Kayani committed to act against Haqqani network: Mullen
Mike Mullen, in last 2-1/2 years, has travelled to Pak over two dozen times.
Washington: Pakistan Army Chief General Ashfaq Pervez Kayani is committed to act against the Haqqani network, Chairman of Joint Chiefs of Staff Admiral Mike Mullen has said.
"He (Kayani) has committed to that," Mullen told reporters at Pentagon when asked about the reluctance on the part of Pakistan Army to take action against the Haqqani network.
"I think one of the issues that is just a challenge for us is our clock moves a lot faster than his clock. That has been the case so far, and I think it will be the case in the future. I am not trying to give him an excuse, but matching those clocks has been pretty difficult," Mullen said.
He reiterated that his statement, about a month ago in Pakistan, that there was a relationship between Pakistan`s spy agency ISI and Haqqani network still stands.
"I think my comments from a month ago still stand from that perspective. I was very clear about the priority for the leadership, in particular with respect to the Haqqani Network and the need to get at that. And I wouldn`t change that right now," he said.

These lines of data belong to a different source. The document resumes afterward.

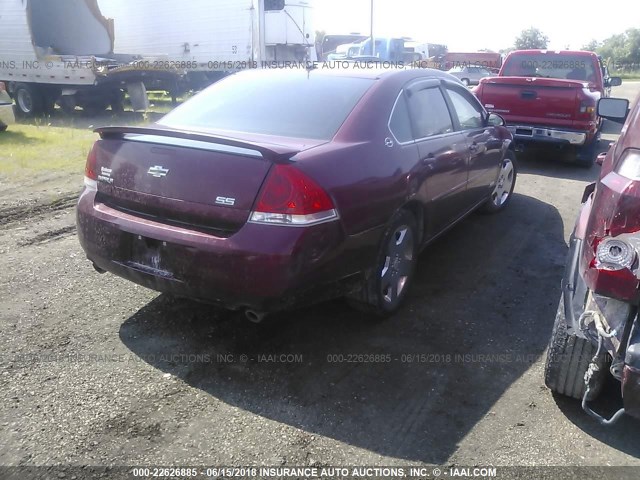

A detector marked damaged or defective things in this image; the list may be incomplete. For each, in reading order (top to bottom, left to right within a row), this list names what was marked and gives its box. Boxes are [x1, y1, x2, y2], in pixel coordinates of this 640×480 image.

damaged car [76, 67, 516, 320]
damaged car [544, 94, 640, 424]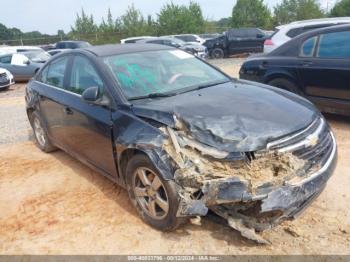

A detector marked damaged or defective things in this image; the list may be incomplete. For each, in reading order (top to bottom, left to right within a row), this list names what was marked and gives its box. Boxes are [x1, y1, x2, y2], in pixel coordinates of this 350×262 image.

crumpled hood [131, 81, 318, 151]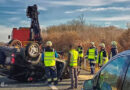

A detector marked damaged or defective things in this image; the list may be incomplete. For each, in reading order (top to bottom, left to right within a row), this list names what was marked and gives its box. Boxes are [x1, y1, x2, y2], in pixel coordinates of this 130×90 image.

crashed car [0, 44, 68, 82]
overturned vehicle [0, 44, 69, 82]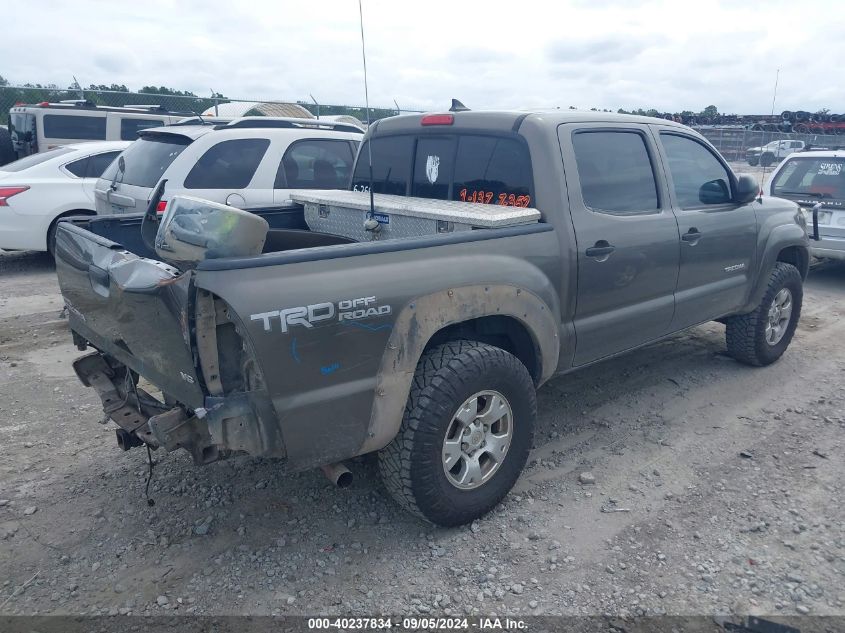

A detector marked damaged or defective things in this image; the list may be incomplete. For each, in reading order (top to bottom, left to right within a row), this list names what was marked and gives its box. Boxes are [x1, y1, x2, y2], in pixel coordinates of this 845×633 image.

Mullen, in last two and half years, has travelled to Pakistan more than two dozen times to have meetings with General Kayani and he boasts of good relationship with the Pakistan Army chief.
"From a standpoint of the relationship and in my discussions since the raid with General Kayani and other senior leader reaffirms the desire to have a relationship. But I think we both recognise it`s going through a very difficult time right now. So the specific steps that we need to take are yet to be determined," he said.
"I think we need to give them some time and space to work on some of the internal challenges that came out of this, while at the same time the things there are some near-term things that we think actions need to be taken," Mullen said.
"So certainly, I mean, he (Kayani) is not just a peer of mine, but he`s a friend and, you know, he`s been through a lot. And as the leader, I can tell you... at the top of these organisations it`s a pretty lonely place.”
"So from that standpoint, he`s out with his military. He`s working his way through that. And I am certainly sympathetic to his need to do that and at the same time move ahead," Mullen said.